21

It was the mirror that brought Lydia back to Chang. He was being driven in a large black sedan that smelled of new leather and shone with polished chrome. Seated alone in the back with just the cap of the driver in front of him, a young soldier who knew how to remain silent, Chang glanced up with no real interest at the rearview mirror. He caught sight of a rectangular slice of one of the driver’s black eyes, and a sudden lurch in his chest stole his breath away.

Another car. Another driver. Another city. Another rectangle of a mirror. Yet it was as if she were here right now beside him. Her presence was so strong. He turned his head, expecting to see Lydia’s bright smile, and instead saw nothing but the chaos outside on the busy streets of Canton, rain-soaked rickshaws dodging the bumpers of the heedless cars and vans that clogged the thoroughfares. He lifted a hand, letting it touch the empty air next to him on the seat, curling his fingers through it, feeling for her. He listened intently for her breathing.

Slowly his hand drifted down till it was resting, palm down, on the leather. It was maroon and the thought that slipped into his head was that it wouldn’t show the blood from his hands. He blinked, startled. Where had that come from? His hands were long healed where the two fingers had been removed.

Did it come from her? From Lydia? Was she in need of his hands? The thought caught at his throat.

Each morning and each night he prayed with bowed head to the gods to keep her safe. He offered them bargains, his safety for hers, he made them promises that were extravagant and ever more costly, every one of which he swore to honour if only Lydia was returned to him unhurt, unharmed, undamaged. He vowed eternal devotion to the shrines and burnt candles in the temples, as well as incense and paper images of fearsome dragons. He slaughtered a bullock. To give her strength. All this despite his Communist ideals that dismissed such beliefs as a fool’s superstition. All this to keep her safe. To keep her safe he would even give her up, his fox girl, and spend eternity in tears.

But now today it was as though she were suddenly here. With him, on the maroon leather. And his heart for one fleeting moment flew back to that other day when she sat beside him in a car, and he had looked up at the rearview mirror to seek out the eyes of the driver. To learn whether he had stepped into a trap.

Her hands had curled around Chang’s, cradling his bandages to her breast as she might cradle an infant, and despite the raging fever that made his eyes dull as pond water and his brain as sickly as a rabid dog’s, he knew he would remember this moment. For a brief minute she’d rested her cheek on his shoulder and her hair had crept like flames over his shirt front. Just to look at her was enough, at her pale cheek and her clear amber eyes. It drew him back from the edge.

She seemed fragile. Frightened. Yet she’d pulled him forcibly into Theo Willoughby’s car on the snowy streets of Junchow, whisking him from under the nose of the police just when the Nationalist authorities believed they had captured him at last. She’d looped her arm around his shoulders, holding him upright, and the last thing he wanted was to topple over in her teacher’s car. She would lose face.

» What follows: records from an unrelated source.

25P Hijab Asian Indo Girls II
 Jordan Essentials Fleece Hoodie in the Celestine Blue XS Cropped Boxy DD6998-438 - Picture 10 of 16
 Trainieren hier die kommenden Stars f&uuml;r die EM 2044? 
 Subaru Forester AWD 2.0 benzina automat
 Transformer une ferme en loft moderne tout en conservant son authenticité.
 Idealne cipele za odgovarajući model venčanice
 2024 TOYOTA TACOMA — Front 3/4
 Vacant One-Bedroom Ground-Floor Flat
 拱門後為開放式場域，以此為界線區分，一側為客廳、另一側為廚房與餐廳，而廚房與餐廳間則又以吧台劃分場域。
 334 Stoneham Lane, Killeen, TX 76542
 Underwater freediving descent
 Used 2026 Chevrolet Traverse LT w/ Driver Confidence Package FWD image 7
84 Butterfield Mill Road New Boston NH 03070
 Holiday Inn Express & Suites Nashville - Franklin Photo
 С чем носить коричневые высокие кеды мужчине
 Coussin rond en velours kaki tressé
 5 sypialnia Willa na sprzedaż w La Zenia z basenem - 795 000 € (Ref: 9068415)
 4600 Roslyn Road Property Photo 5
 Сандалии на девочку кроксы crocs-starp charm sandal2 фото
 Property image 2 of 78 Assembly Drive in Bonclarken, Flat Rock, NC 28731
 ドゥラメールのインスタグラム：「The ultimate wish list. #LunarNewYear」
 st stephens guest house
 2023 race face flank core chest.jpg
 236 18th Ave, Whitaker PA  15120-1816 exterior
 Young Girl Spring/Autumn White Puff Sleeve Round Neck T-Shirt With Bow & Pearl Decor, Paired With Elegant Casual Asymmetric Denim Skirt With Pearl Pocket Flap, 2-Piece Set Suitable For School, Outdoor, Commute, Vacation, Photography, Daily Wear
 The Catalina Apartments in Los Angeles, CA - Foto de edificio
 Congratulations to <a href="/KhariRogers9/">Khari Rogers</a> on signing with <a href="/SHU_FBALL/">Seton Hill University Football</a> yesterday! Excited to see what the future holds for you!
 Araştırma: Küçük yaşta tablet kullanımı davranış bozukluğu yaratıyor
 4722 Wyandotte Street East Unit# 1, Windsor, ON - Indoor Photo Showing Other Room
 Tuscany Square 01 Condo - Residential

‘Thank you, sir,’ Lydia said politely to the man driving. ‘Thanks for giving us a ride.’

The schoolmaster glanced quickly in the mirror, his gaze seeking Chang. Even in his sick state Chang knew the signs. The yellowish skin around the mouth. The eyes not quite in this world. This Englishman was smoking the pipe of dreams at night and could not be trusted.

‘So what have we here?’ Willoughby had asked with more curiosity than Chang cared for.

‘This is my friend, Chang An Lo.’

‘Ah! The young rebel I’ve heard about.’

‘He’s a Communist fighting for justice.’

‘It’s a fine line, Lydia.’

‘Not to me.’

After a moment Willoughby said, ‘I’m sorry.’

‘Sorry for what?’

‘For you.’

‘Don’t be.’

‘You are crossing a divide that is too wide for your young legs.’

‘Just help us. Please.’

‘How? He looks almost dead.’

‘Take us somewhere where the soldiers will not come.’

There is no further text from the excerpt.